• SUPPLIED RECORDS:
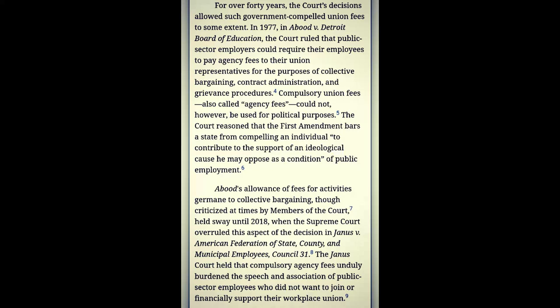Abood's allowance of fees for activities germane to collective bargaining held sway until 2018, when the Supreme Court overruled this in Janus v. American Federation of State, County and Municipal Employees Council 31. The Janus court held that compulsory agency fees unduly burdened the speech and association of public sector employees who did not want to join or financially support their workplace union. Notice that wording — it's claiming people as subjects of an entity to which that person did not voluntarily allow themselves to become subject.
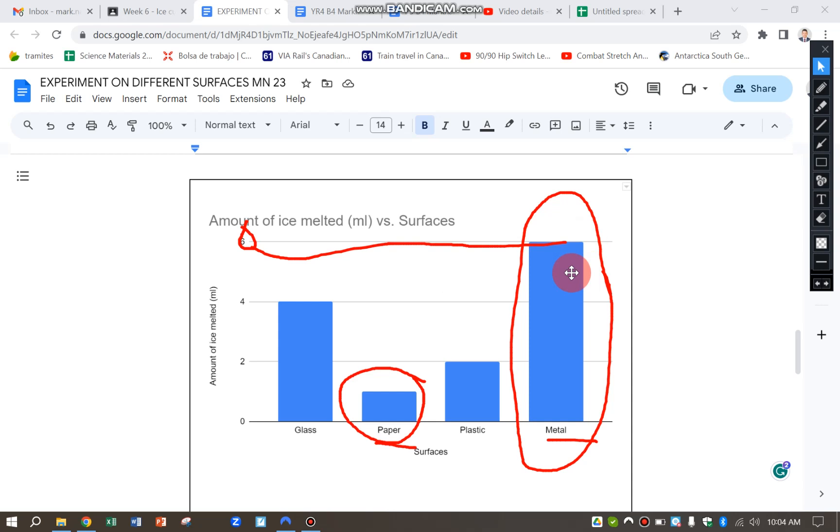So it's actually conducting heat away from the ice cube, making it melt more quickly. And the paper is more of an insulator. So it keeps that coldness in to the ice cube, so it melts less.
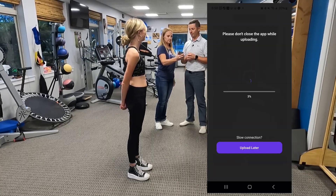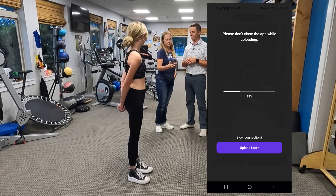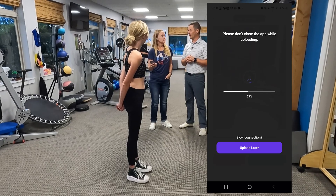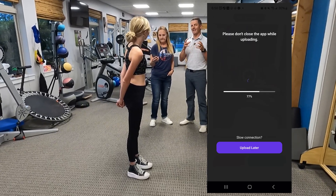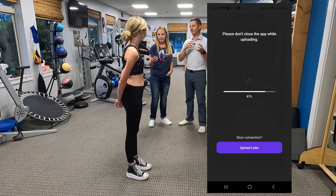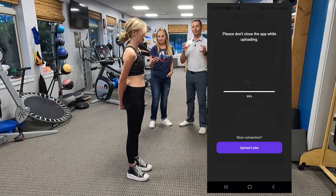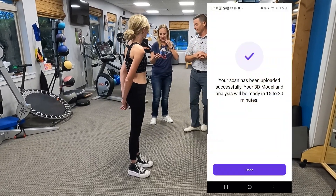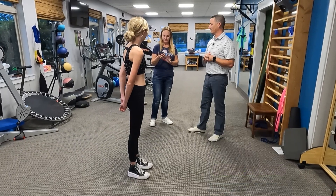You can approve and upload, and then it uploads to the cloud, goes to Momentum Spine, and they put it in their AI software which estimates what size the curve is. Overall a good scan and a good process.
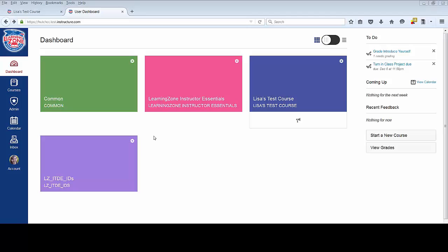In this tutorial, I will show you how to view your courses in Learning Zone and how to customize the courses that display in your dashboard.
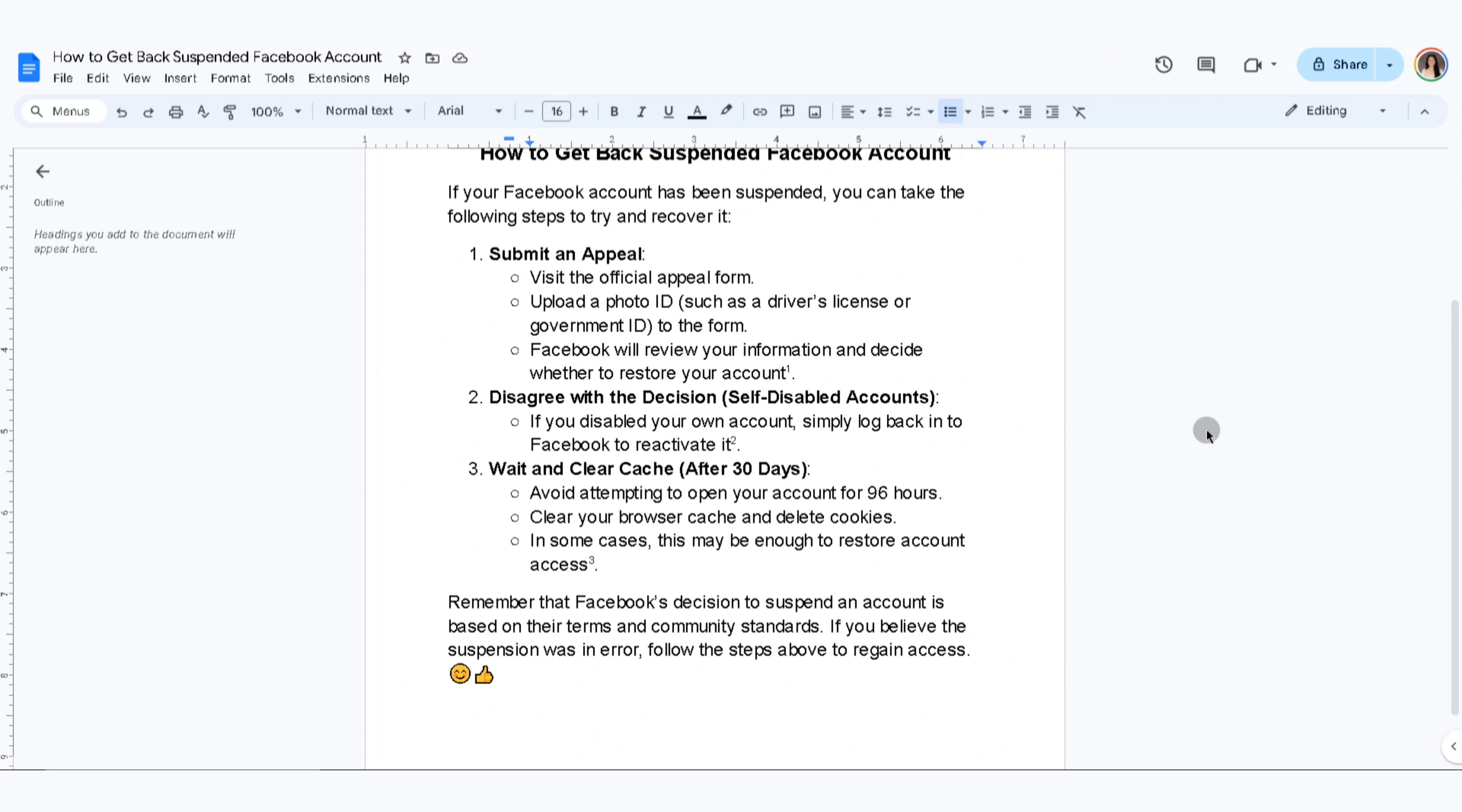Remember that Facebook's decision to suspend an account is based on their terms and community standards.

• THE PROBLEM: Once the pictures are set aside, output the whole listing exactly.

• RESULT OF THE EXERCISE:
Abood's allowance of fees for activities germane to collective bargaining held sway until 2018, when the Supreme Court overruled this in Janus v. American Federation of State, County and Municipal Employees Council 31. The Janus court held that compulsory agency fees unduly burdened the speech and association of public sector employees who did not want to join or financially support their workplace union. Notice that wording — it's claiming people as subjects of an entity to which that person did not voluntarily allow themselves to become subject.
So it's actually conducting heat away from the ice cube, making it melt more quickly. And the paper is more of an insulator. So it keeps that coldness in to the ice cube, so it melts less.
You can approve and upload, and then it uploads to the cloud, goes to Momentum Spine, and they put it in their AI software which estimates what size the curve is. Overall a good scan and a good process.
In this tutorial, I will show you how to view your courses in Learning Zone and how to customize the courses that display in your dashboard.
Remember that Facebook's decision to suspend an account is based on their terms and community standards.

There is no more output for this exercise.